* _Exercise details_
Please repeat the records below exactly, skipping any pictures.

* _Data to use_
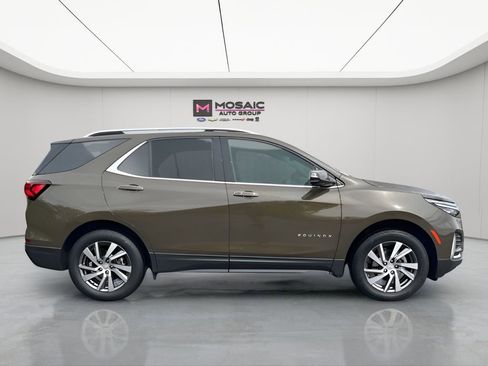 Used 2024 Chevrolet Equinox Premier image 9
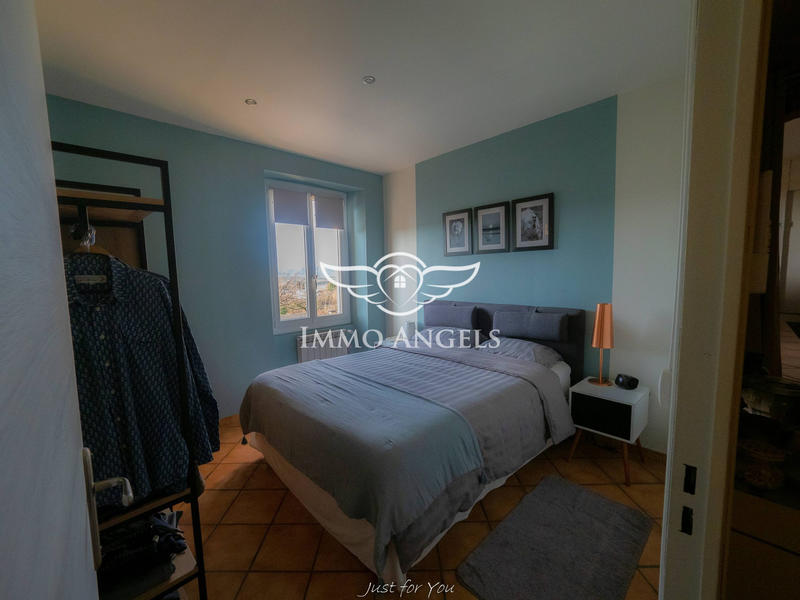 Maison ancienne - 172 m² - 8 pièces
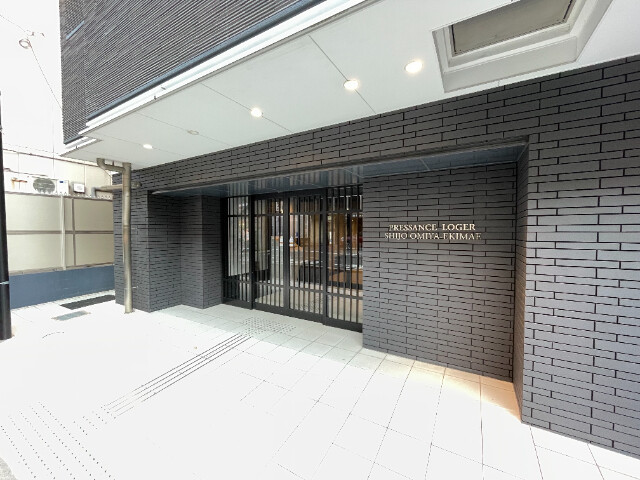 20/21 エントランス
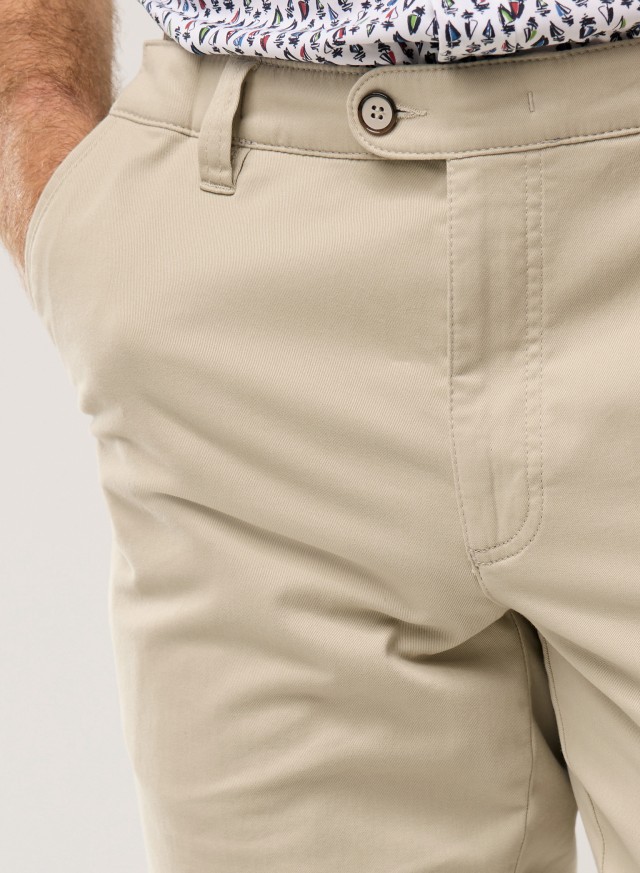 Entdecken Sie mit Klick auf dieses Bild mehr Herren-Hosen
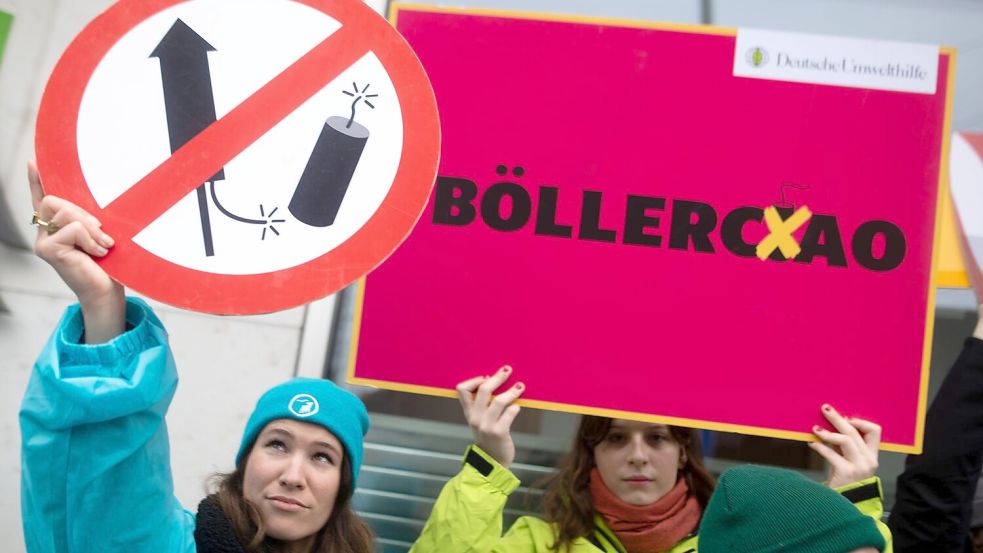 In Deutschland wird immer wieder über ein Böllerverbot diskutiert. Foto: Sebastian Gollnow/Archiv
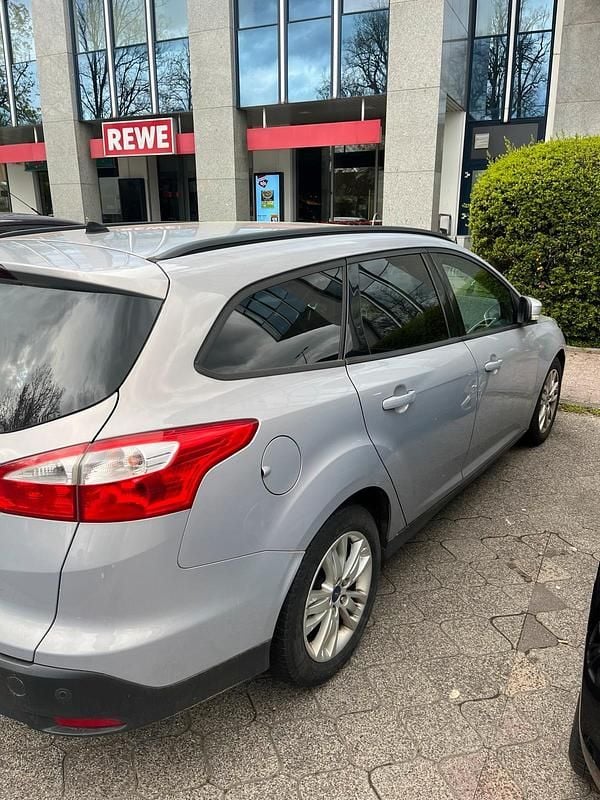 Second-hand Ford Focus 116 CP (85 kW) 2011 Gri Break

* _Result below_
 Used 2024 Chevrolet Equinox Premier image 9
 Maison ancienne - 172 m² - 8 pièces
 20/21 エントランス
 Entdecken Sie mit Klick auf dieses Bild mehr Herren-Hosen
 In Deutschland wird immer wieder über ein Böllerverbot diskutiert. Foto: Sebastian Gollnow/Archiv
 Second-hand Ford Focus 116 CP (85 kW) 2011 Gri Break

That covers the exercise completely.